World of Warcraft is the world’s most lucrative subscription-based massively multiplayer online game. Its 8 million subscribers all pay a monthly fee to play WOW, and that generates a significant amount of revenue for publisher Activision Blizzard.
This reliable source of income is slowly starting to dissolve, however, and now Blizzard might not have anything ready to take its place.
Yesterday, GamesBeat discovered that Blizzard reset development on its MMO followup to World of Warcraft. The developer will cut down the team working on the project, codenamed Titan, to just 30 core members who will start rebuilding the game.
“We’ve always had a highly iterative development process, and the unannounced MMO is no exception,” Blizzard head Mike Morhaime confirmed to GamesBeat in a statement Tuesday. “We’ve come to a point where we need to make some large design and technology changes to the game. We’re using this opportunity to shift some of our resources to assist with other projects while the core team adapts our technology and tools to accommodate these new changes. Note that we haven’t announced any dates for the MMO.”

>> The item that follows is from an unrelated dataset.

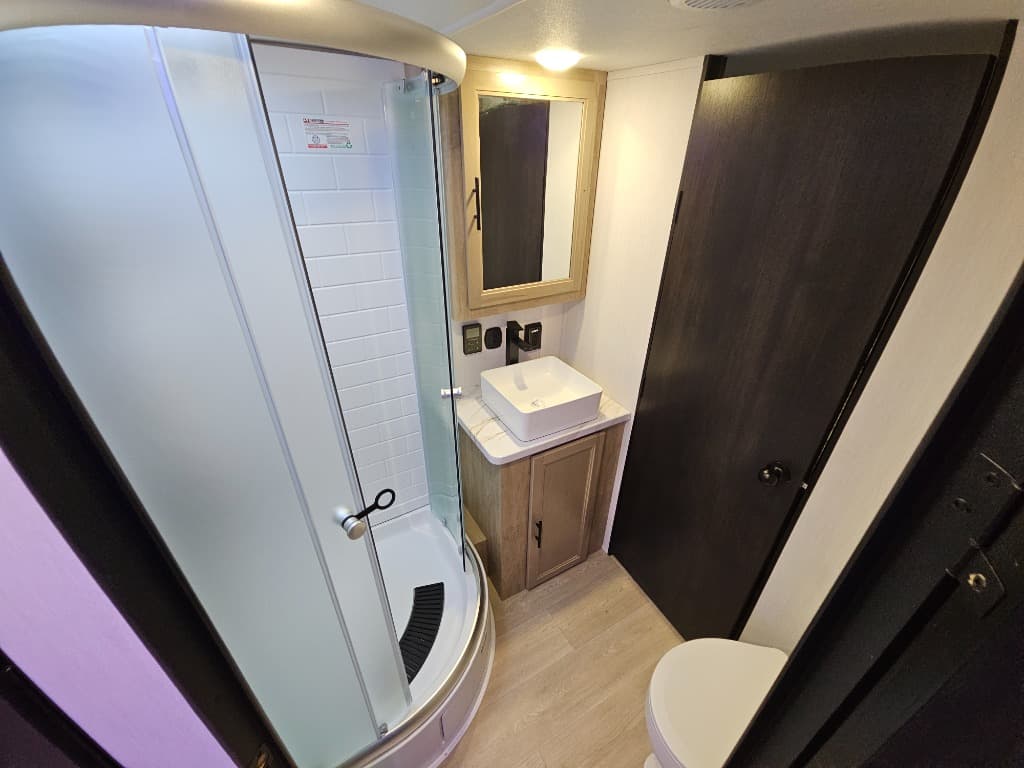 2026 Forest River 2026 Forest River Cherokee Grey Wolf Black Label - thumbnail 30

Blizzard isn’t new to massive delays. The studio started working on its Diablo III action role-playing game in 2001. It only released that game in May 2012. Similarly, StarCraft II development began in 2003, and it didn’t debut until 2010. It’s likely that Titan, which was first rumored in 2006, won’t go live until 2016.
This leaves Activision in a precarious position.

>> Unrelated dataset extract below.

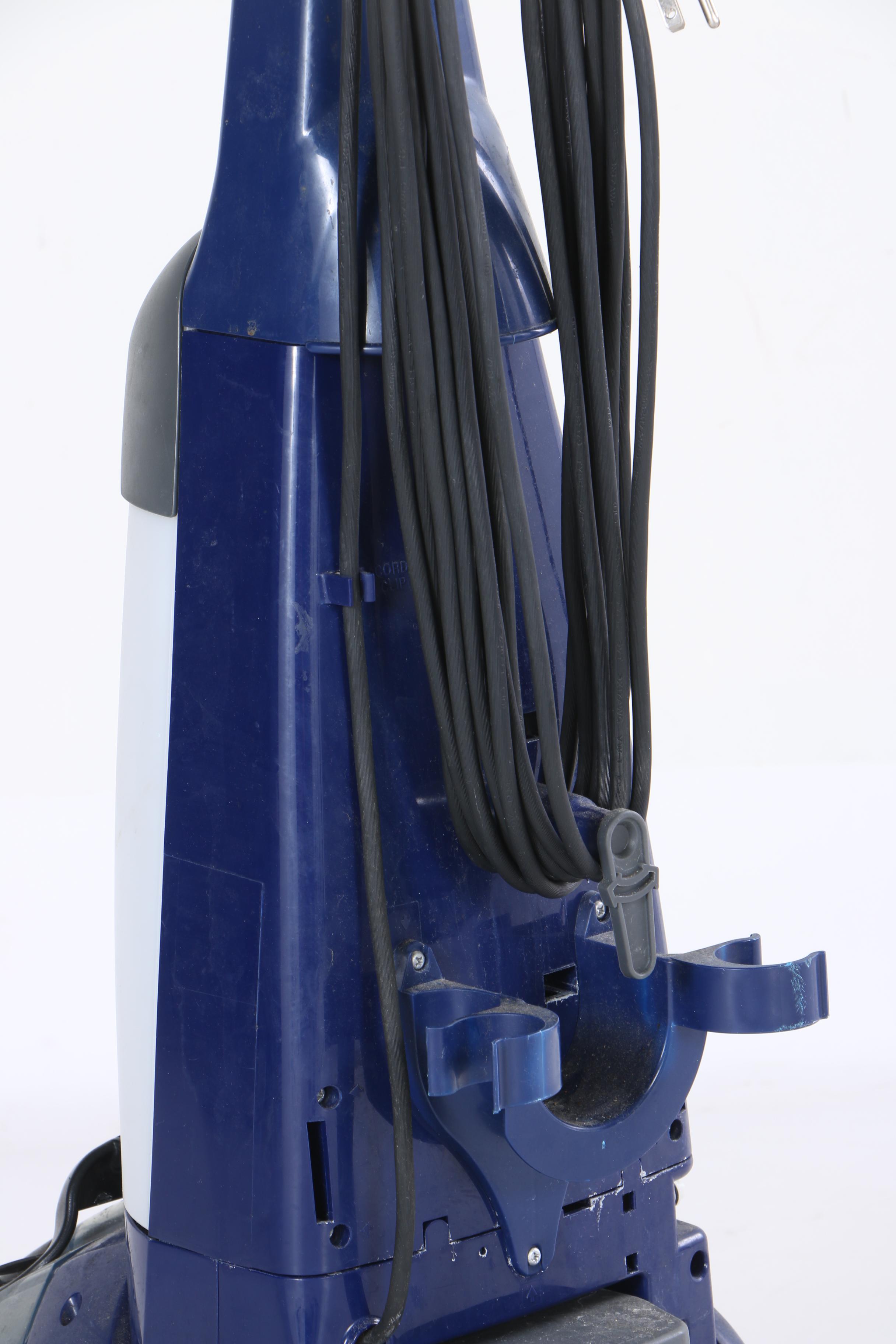 Dirt Devil Easy Steamer Deluxe Carpet Shampooer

World of Warcraft is still the most successful MMO ever, but it is bleeding paying players. In May, the Activsion revealed that WOW lost 1.3 million monthly subscribers. It’s down to 8 million from a high of 12 million subscribers at its peak in early 2010. That is still more subscribers than any other MMO.
Previously Blizzard was able to maintain stable player numbers with expansions that generated lots of excitement, but the studio just released the last one, Mists of Pandaria, in September. During its most recent conference call with investors, Activision said it won’t have another expansion ready for a while, so it expects WOW’s numbers to fall even further.
“It isn’t clear that the WOW declines are persistent, and we might see subscribers stabilize,” Wedbush analyst Michael Pacther told GamesBeat. “However, if subs continue to decline, it could cost Activision quite a bit — perhaps 10 to 20 percent of net income — before the next MMO launches.”
World of Warcraft represents about $1 billion in yearly revenue for Activision Blizzard. It has come to count on that money for years, but WOW is past its prime. And while it’s possible that the MMO could ignite a fire in players’ hearts and regain a significant portion of the gamers it’s lost, it’s much more likely that a new game would do that.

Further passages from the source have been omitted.